Question: What risks should be considered when working with volunteers in a hospice?

Answer: Volunteers are a great help, but they open the hospice to the world — this is good for social life, but it can carry risks from a medical point of view. Unprepared volunteers can harm themselves — not tracking their emotional state, overworking, which can lead to burnout, and also harming the patient — by attempting tasks without the necessary skills.

Q: Can volunteers provide material assistance (money, items, etc.) rather than just their time and skills/knowledge? Is this ethical?

A: I categorize donors and fundraisers as a separate subset of volunteers, and I see nothing unethical about such assistance. However, it's important to remember that an extra pair of hands is often more valuable and needed than money.

Q: How can volunteers be protected from burnout?

A: The volunteer project leader should carefully monitor and limit the workload on volunteers. Sometimes it's necessary to stop and regulate their visits and workload. In their daily lives, volunteers should have time to recover and gather resources for their work. Diversifying the areas of activity for volunteers is beneficial. Holding events for volunteers, organizing psychological support groups, and facilitating groups can also help.

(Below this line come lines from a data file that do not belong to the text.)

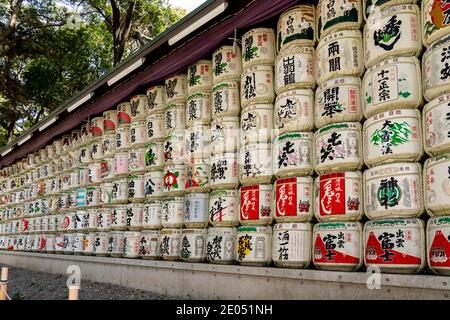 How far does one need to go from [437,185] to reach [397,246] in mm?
581

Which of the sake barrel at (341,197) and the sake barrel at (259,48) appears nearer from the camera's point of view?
the sake barrel at (341,197)

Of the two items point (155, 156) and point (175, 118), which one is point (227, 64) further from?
point (155, 156)

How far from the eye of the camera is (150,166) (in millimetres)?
6434

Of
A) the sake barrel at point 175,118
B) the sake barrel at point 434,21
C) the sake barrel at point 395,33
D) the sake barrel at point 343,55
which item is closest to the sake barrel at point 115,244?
the sake barrel at point 175,118

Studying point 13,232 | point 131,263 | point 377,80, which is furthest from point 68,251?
point 377,80

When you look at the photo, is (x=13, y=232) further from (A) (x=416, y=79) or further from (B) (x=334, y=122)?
(A) (x=416, y=79)

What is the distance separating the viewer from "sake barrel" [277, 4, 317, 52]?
4.55 m

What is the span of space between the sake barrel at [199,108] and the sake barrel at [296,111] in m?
1.40

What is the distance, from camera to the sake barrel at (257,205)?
4.60 metres

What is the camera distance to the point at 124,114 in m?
7.39

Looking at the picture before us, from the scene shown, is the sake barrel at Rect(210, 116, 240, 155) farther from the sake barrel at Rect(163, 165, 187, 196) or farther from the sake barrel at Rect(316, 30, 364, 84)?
the sake barrel at Rect(316, 30, 364, 84)

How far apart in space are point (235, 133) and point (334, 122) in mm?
1482

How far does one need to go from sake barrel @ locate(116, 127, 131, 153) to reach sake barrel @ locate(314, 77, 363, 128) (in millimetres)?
4016

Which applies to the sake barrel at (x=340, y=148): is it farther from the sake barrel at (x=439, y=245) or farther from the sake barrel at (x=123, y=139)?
the sake barrel at (x=123, y=139) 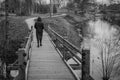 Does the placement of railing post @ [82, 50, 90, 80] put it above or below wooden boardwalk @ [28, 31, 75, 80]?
above

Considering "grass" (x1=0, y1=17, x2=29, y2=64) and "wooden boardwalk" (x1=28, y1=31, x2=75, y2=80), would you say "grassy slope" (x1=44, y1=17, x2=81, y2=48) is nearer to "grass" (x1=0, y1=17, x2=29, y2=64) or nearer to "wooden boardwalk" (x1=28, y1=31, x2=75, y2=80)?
"grass" (x1=0, y1=17, x2=29, y2=64)

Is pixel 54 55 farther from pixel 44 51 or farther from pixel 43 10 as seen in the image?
pixel 43 10

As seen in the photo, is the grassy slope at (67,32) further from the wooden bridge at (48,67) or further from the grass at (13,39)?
the wooden bridge at (48,67)

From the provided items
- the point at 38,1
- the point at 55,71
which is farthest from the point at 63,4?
the point at 55,71

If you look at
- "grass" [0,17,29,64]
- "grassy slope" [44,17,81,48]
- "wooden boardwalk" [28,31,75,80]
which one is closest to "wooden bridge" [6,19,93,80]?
"wooden boardwalk" [28,31,75,80]

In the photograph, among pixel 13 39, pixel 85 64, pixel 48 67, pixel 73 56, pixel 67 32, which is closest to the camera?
pixel 85 64

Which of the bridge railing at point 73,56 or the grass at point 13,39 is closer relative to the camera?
the bridge railing at point 73,56

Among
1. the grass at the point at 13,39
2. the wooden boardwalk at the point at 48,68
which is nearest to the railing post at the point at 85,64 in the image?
the wooden boardwalk at the point at 48,68

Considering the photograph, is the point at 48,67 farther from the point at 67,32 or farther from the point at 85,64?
the point at 67,32

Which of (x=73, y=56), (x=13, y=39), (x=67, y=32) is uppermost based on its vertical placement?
(x=73, y=56)

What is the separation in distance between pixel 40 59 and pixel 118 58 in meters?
8.41

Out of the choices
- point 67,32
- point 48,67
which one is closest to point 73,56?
point 48,67

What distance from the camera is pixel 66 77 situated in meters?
8.91

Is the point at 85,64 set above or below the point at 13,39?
above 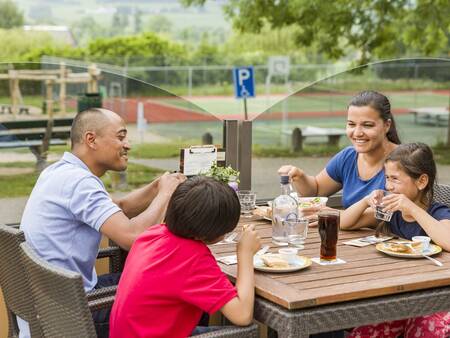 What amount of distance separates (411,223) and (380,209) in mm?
199

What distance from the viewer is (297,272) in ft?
9.74

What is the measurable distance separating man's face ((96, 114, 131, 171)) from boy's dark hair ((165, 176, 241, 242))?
796 millimetres

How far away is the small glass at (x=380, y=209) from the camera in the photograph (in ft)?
11.3

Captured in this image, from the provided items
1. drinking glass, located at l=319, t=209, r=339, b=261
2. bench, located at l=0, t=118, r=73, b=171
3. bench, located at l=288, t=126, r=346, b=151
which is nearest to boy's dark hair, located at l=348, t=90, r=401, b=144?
drinking glass, located at l=319, t=209, r=339, b=261

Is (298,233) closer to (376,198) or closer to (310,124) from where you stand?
(376,198)

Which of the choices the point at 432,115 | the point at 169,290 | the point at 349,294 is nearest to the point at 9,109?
the point at 169,290

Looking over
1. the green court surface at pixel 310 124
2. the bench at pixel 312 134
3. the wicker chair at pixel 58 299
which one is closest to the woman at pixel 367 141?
the wicker chair at pixel 58 299

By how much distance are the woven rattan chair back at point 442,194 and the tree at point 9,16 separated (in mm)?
32210

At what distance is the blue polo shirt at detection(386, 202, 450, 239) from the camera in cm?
350

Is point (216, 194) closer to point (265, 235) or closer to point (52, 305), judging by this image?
point (52, 305)

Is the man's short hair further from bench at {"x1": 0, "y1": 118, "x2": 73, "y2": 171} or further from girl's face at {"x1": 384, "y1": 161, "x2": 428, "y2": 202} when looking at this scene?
bench at {"x1": 0, "y1": 118, "x2": 73, "y2": 171}

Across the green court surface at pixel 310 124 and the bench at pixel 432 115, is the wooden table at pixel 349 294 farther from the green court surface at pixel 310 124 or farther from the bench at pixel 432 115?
the bench at pixel 432 115

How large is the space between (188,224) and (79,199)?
66 centimetres

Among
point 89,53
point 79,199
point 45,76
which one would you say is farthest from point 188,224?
point 89,53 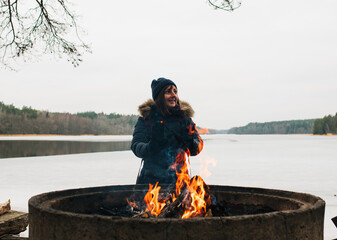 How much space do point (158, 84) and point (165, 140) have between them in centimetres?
65

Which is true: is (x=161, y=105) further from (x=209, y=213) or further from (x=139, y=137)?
(x=209, y=213)

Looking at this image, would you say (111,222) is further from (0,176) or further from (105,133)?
(105,133)

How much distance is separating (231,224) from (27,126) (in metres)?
90.1

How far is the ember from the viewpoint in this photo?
2377 millimetres

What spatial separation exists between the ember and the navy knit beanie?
0.96m

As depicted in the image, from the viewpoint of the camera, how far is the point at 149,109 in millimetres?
3535

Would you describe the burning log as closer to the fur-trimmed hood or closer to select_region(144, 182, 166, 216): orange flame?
select_region(144, 182, 166, 216): orange flame

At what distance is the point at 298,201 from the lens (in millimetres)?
2512

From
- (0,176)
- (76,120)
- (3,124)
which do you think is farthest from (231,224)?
(76,120)

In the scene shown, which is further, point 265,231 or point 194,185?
point 194,185

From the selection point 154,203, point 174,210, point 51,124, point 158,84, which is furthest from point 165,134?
point 51,124

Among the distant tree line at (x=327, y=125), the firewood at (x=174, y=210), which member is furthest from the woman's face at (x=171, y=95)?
the distant tree line at (x=327, y=125)

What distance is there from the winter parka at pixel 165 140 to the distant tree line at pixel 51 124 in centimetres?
A: 8473

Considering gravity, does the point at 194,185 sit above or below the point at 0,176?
above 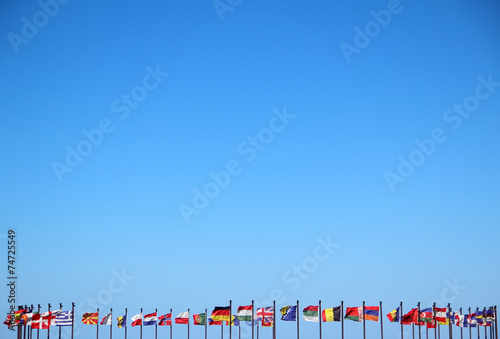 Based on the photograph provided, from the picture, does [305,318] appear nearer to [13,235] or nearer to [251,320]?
[251,320]

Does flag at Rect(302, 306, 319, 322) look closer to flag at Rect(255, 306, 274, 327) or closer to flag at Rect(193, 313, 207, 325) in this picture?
flag at Rect(255, 306, 274, 327)

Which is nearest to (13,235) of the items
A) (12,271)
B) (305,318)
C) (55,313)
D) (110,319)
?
(12,271)

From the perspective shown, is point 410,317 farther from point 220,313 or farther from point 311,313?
point 220,313

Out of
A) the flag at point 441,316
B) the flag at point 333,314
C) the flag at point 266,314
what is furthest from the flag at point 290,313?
the flag at point 441,316

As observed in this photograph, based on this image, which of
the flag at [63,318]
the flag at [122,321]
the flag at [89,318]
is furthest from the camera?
the flag at [122,321]

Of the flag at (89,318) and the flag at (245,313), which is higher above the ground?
the flag at (89,318)

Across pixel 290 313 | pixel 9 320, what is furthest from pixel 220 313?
pixel 9 320

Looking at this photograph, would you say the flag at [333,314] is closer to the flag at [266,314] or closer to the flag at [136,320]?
the flag at [266,314]

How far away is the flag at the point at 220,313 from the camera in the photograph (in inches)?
2623

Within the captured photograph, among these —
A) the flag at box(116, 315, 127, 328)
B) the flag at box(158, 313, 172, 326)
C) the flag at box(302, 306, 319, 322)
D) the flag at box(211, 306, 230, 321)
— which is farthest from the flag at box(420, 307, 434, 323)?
the flag at box(116, 315, 127, 328)

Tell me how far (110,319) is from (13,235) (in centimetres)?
1867

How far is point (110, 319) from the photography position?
78688 millimetres

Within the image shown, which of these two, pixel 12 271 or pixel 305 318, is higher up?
pixel 12 271

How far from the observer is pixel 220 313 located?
219 feet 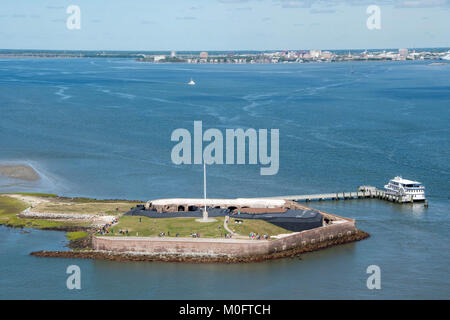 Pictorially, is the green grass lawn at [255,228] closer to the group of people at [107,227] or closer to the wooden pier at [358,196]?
the group of people at [107,227]

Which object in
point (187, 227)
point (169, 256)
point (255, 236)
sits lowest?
point (169, 256)

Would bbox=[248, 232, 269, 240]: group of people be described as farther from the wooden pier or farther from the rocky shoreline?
the wooden pier

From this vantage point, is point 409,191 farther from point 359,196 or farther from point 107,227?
point 107,227

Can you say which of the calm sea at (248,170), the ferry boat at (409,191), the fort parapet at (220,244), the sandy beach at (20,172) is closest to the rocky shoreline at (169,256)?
the fort parapet at (220,244)

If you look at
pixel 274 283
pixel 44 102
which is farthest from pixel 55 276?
pixel 44 102

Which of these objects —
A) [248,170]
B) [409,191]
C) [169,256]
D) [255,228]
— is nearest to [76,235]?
[169,256]

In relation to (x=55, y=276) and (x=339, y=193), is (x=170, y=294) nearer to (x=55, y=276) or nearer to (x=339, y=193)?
(x=55, y=276) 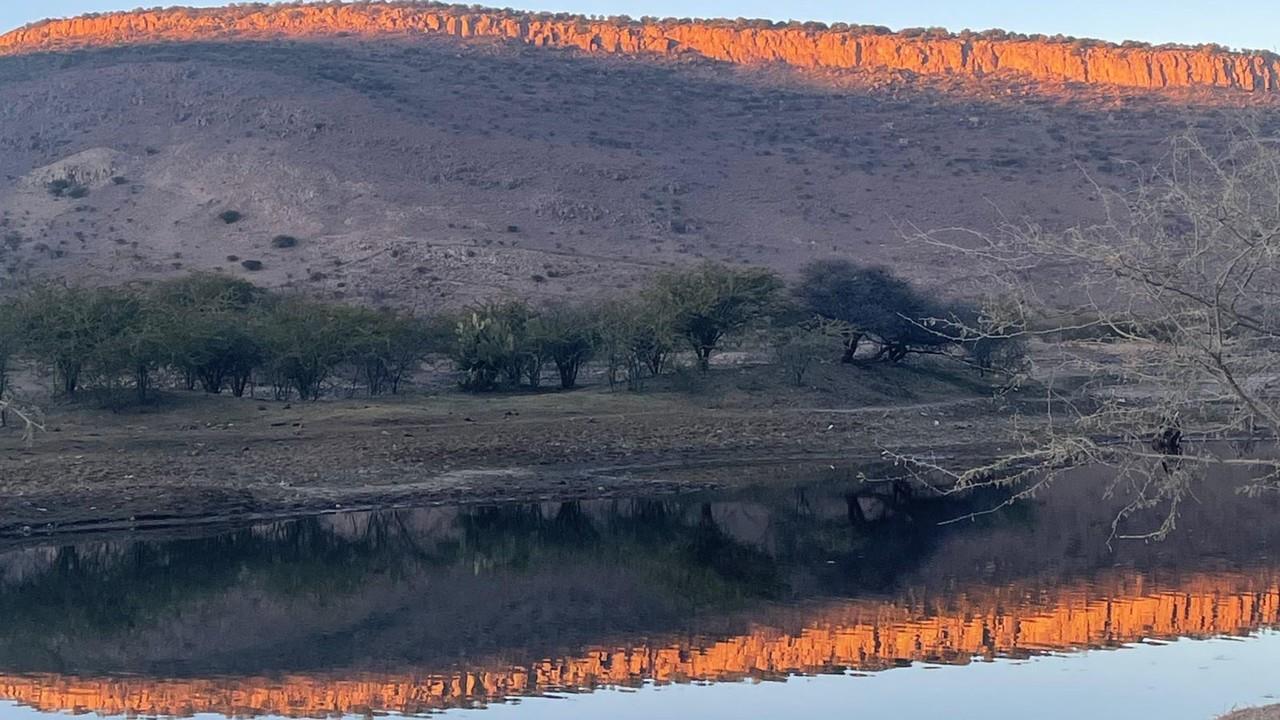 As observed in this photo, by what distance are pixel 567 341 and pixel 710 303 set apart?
4.23 m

Q: How can volunteers feel like part of the hospice team?

A: Transparency of information and processes, involvement in the common understanding of the situation, areas of activity, and principles of task distribution allow volunteers to feel like part of a more significant cause. Communication with the medical staff is critical, allowing volunteers to understand the importance of their work within the broader context.

Q: What signs may indicate that a volunteer is close to burnout and needs support?

A: It's important to understand that volunteering in a hospice can serve as an escape from one's problems. In this regard, monitoring the amount of time a volunteer spends in the hospice is crucial. If it's excessively high and the volunteer lacks other interests in life, it's a clear signal that special attention is needed from the coordinator/leader of the volunteer project.